* What is being asked *
Apart from the pictures, every entry must be retyped exactly.

* Records for this task *
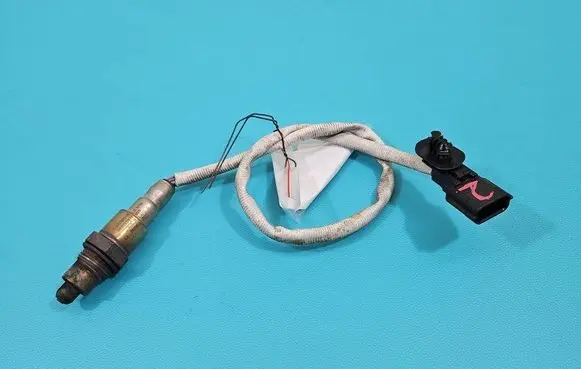 Renault Talisman Lambda probe sensor 0258030338 IMPRK1502690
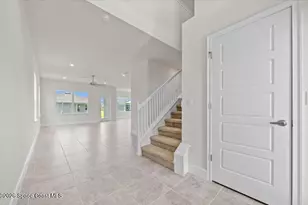 1268 Soleway Ave NW, Palm Bay, FL 32907 - Photo 8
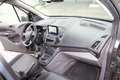 Ford Tourneo Connect Tourneo Connect 1.0 EcoBoost Start-Stop Trend Grau - thumbnail 28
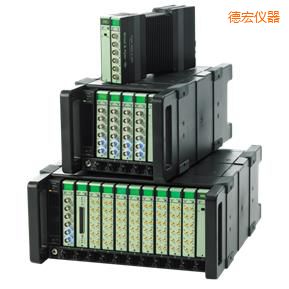 �ºꔵ(sh��)��(j��)�ɼ�Ӳ��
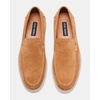 image:imageSteve Madden Mens NeekonTobacco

* Response to this exercise *
 Renault Talisman Lambda probe sensor 0258030338 IMPRK1502690
 1268 Soleway Ave NW, Palm Bay, FL 32907 - Photo 8
 Ford Tourneo Connect Tourneo Connect 1.0 EcoBoost Start-Stop Trend Grau - thumbnail 28
 �ºꔵ(sh��)��(j��)�ɼ�Ӳ��
 image:imageSteve Madden Mens NeekonTobacco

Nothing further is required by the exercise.